Yes the LEDs are currently wired in parallel with the switches. Maybe I'll play around with one later and see if a series configuration will do the trick!


----------



## greco (Jul 15, 2007)

studiodog said:


> I suspect that if I really want the LEDs to light up, I'll end up swapping the SPDT switches in my footswitch with DPDT switches. Then the LEDs can be wired to the battery on one side of the switch, separate from the amp connections.....


I have been following this thread and I think this is the best solution....IMHO

Curious....If the JC amps didn't supply the voltage for the LED's..then where did they get the voltage required ?????

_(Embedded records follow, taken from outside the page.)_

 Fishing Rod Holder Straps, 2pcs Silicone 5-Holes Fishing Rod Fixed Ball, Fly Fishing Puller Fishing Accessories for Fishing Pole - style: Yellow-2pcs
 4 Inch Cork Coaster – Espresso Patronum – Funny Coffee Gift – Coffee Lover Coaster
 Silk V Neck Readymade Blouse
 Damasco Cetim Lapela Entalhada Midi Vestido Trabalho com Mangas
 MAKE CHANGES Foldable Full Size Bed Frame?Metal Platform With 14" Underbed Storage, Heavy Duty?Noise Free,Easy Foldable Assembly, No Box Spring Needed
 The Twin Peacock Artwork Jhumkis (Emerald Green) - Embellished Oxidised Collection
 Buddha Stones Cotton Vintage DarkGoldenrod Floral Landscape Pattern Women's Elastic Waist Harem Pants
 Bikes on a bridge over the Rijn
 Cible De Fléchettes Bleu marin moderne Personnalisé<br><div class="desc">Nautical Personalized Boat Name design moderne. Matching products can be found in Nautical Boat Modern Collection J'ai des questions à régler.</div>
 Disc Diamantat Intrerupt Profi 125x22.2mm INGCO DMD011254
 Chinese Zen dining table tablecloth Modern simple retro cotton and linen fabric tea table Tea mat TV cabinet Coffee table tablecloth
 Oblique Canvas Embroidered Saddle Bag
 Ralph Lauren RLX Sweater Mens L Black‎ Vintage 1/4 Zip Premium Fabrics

BTW..I might soon have an amp to donate to the school music program. I'll PM you.

Cheers

Dave


----------



## studiodog (Sep 10, 2010)

Well, I tried wiring the LED in parallel, but no dice. Either the JC's don't use the control voltage for footswitch LEDs or perhaps my LED resistors are the wrong value. They work fine with a 9v battery, but I have no idea what the internal voltage on the foot switches may be -maybe I'll bust out the ol' VOM and see if I can get a reading.....


----------



## greco (Jul 15, 2007)

Studiodog:

I have an Ibanez IFS4X switch (with LED's) with the cable if you want it....let me know










I bought it thinking ("assuming" is a more accurate word) that it would have 3P3T switches that I could use in projects.
Wrong ...it has SPST switches.

Cheers

Dave


----------



## studiodog (Sep 10, 2010)

Just by way of an update, I decided to swap out the SPDT switches for DPDT - wired the amp connections to one side of each switch, with the LED's and 9v battery power on the other side. Works like a charm and gives me groovy red lights when my effects are on! Yay - no more guesswork in loud venues! 

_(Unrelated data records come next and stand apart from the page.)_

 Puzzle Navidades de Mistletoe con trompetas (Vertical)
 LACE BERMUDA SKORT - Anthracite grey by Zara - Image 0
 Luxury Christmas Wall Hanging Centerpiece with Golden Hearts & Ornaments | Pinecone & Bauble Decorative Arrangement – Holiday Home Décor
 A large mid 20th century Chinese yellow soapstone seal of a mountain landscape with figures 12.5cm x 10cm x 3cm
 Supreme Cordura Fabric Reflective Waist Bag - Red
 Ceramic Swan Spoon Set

Anyway, it was an easy and relatively cheap upgrade - found the DPDT switches locally at $6CAD each.


----------



## greco (Jul 15, 2007)

Congrats on getting this sorted out. 

Where did you find the switches locally? 
Any 3PDT switches at the same place?

Cheers

Dave


----------



## studiodog (Sep 10, 2010)

greco said:


> Congrats on getting this sorted out.
> 
> Where did you find the switches locally?
> Any 3PDT switches at the same place?
> ...


Hey Dave. Found the switches at Orion Electronics on Lancaster (just N of Victoria). Didn't notice ant 3PDT's, though it couldn't hurt to ask!


----------



## islandman (Aug 14, 2015)

V


studiodog said:


> Just by way of an update, I decided to swap out the SPDT switches for DPDT - wired the amp connections to one side of each switch, with the LED's and 9v battery power on the other side. Works like a charm and gives me groovy red lights when my effects are on! Yay - no more guesswork in loud venues!
> 
> Anyway, it was an easy and relatively cheap upgrade - found the DPDT switches locally at $6CAD each.

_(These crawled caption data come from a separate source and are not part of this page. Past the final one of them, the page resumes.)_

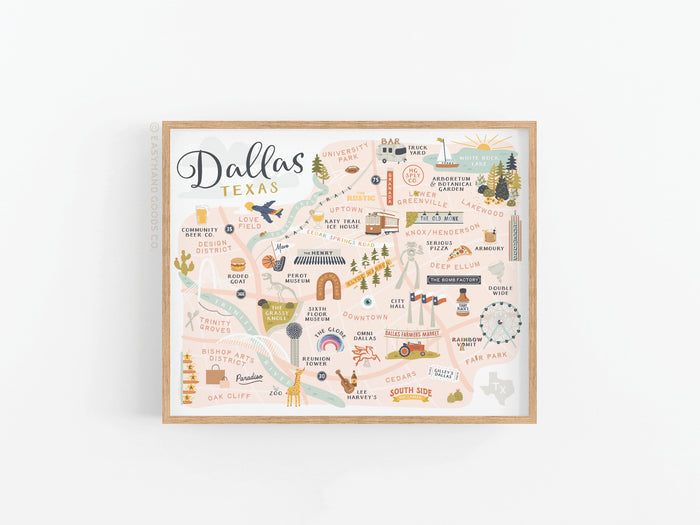 Dallas Map Art Print - Onderkast Studio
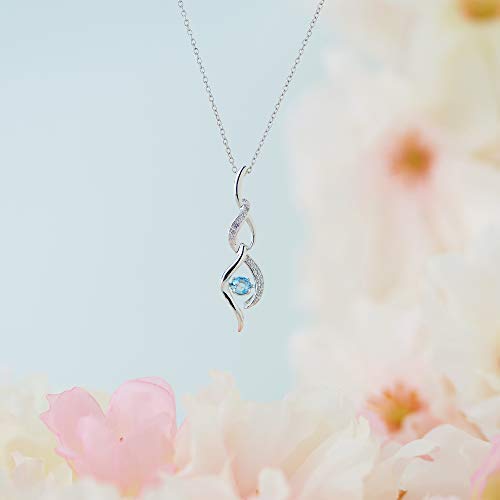 Sterling Silver Created White Sapphire and Genuine Swiss Blue Topaz Pendant Necklace, 18"
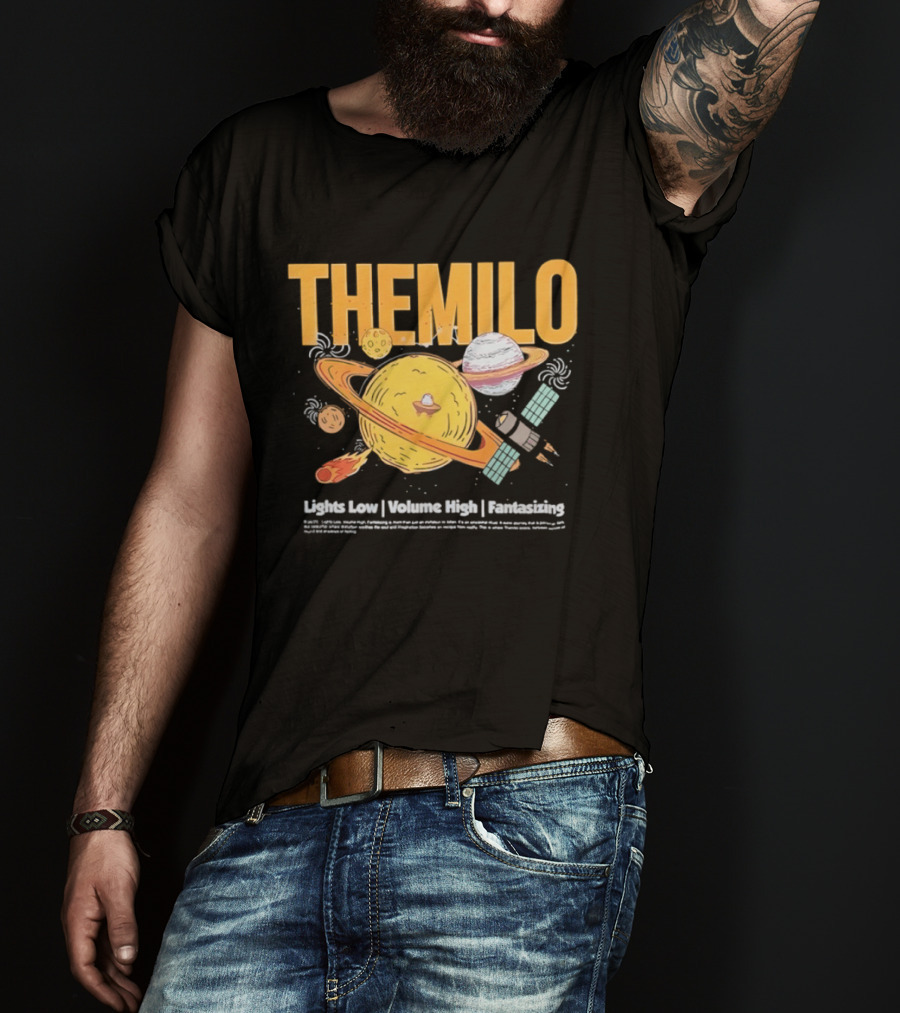 The Milo Space Planets Lights Low Volume High Fantasizing T-Shirt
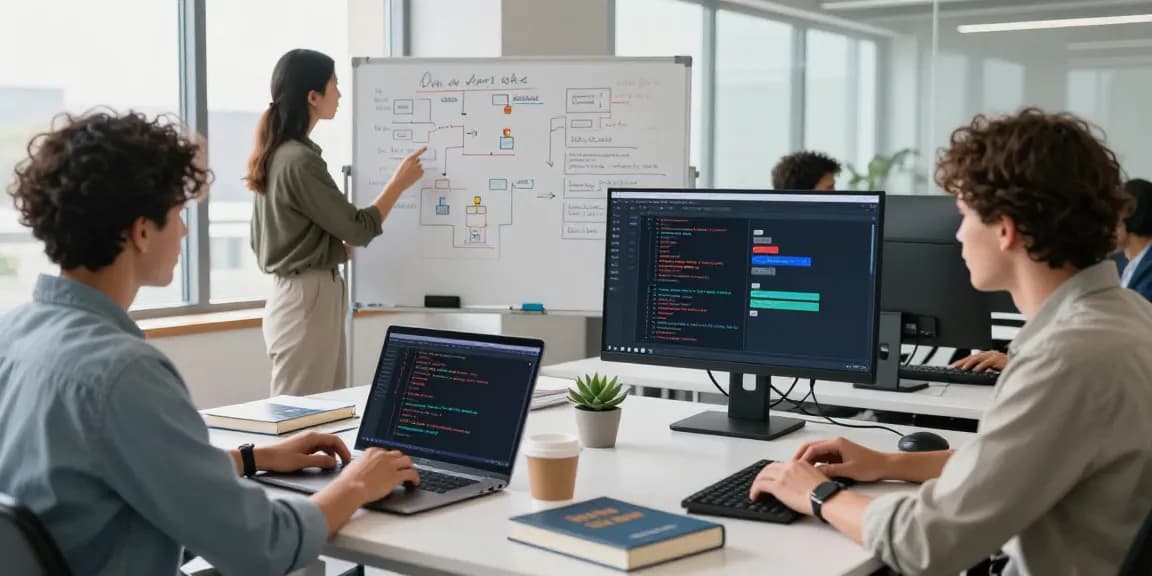 Developers collaborating in a vibrant tech workspace, showcasing AI chatbot interfaces and teamwork.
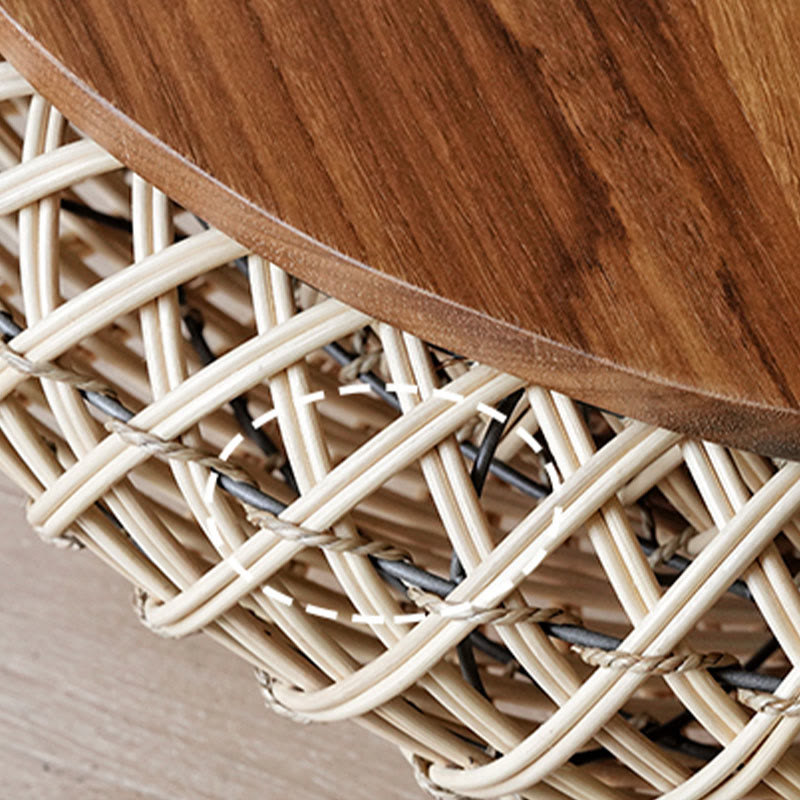 Round Solid Wood Rattan Coffee Table - image 5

Hello everyone...first time here! I realize this is a very old thread, but I also purchased the APEX AFS3 like studiodog. For 23.00 bucks it's an incredible deal for this military grade foot switch. My Boogie Simul-Class 2:90 does not have voltage to power the LEDs. I am not electronics savy, but I can follow directions well. Does anyone know, step by step, how to wire the battery to the DPDT switches to power the LEDs? I realize that studiodog switched the SPDT for DPDT, but how, and where on the switches is the battery wired to the 3 switches. Any help would be much appreciated!

Devlon


----------



## greco (Jul 15, 2007)

islandman said:


> V
> 
> Hello everyone...first time here! I realize this is a very old thread, but I also purchased the APEX AFS3 like studiodog. For 23.00 bucks it's an incredible deal for this military grade foot switch. My Boogie Simul-Class 2:90 does not have voltage to power the LEDs. I am not electronics savy, but I can follow directions well. Does anyone know, step by step, how to wire the battery to the DPDT switches to power the LEDs? I realize that studiodog switched the SPDT for DPDT, but how, and where on the switches is the battery wired to the 3 switches. Any help would be much appreciated!
> 
> Devlon


Welcome to the forum Devlon!

Is this any help?










Depending on the brightness of the LED you want, you will need to increase the value of the dropping resistor...larger value = less bright.

Here is an old thread that might also be very helpful:

http://www.guitarscanada.com/showthread.php?61459-Some-DIY-fun-last-night

Cheers

Dave


----------